#### Information provided

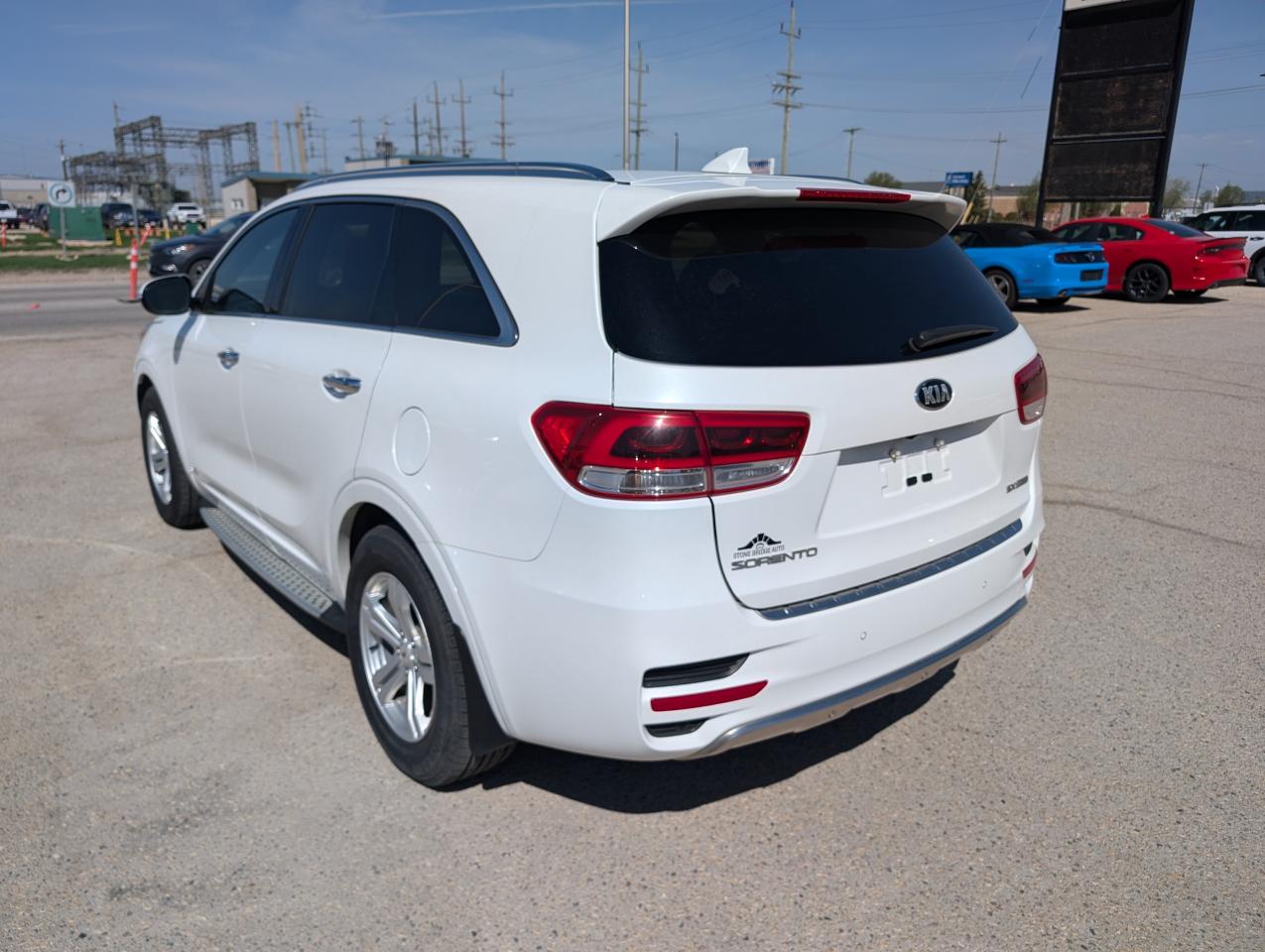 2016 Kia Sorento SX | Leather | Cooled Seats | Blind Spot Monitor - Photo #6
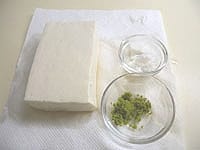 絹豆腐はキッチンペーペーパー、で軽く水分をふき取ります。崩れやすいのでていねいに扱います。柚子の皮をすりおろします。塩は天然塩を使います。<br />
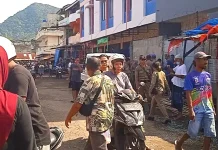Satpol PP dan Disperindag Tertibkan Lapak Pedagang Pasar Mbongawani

########

▸ **What you are asked to do**: Please return the full listing exactly as given, with the images left out.

▸ **Output for this exercise**:
 2016 Kia Sorento SX | Leather | Cooled Seats | Blind Spot Monitor - Photo #6
 絹豆腐はキッチンペーペーパー、で軽く水分をふき取ります。崩れやすいのでていねいに扱います。柚子の皮をすりおろします。塩は天然塩を使います。<br />
Satpol PP dan Disperindag Tertibkan Lapak Pedagang Pasar Mbongawani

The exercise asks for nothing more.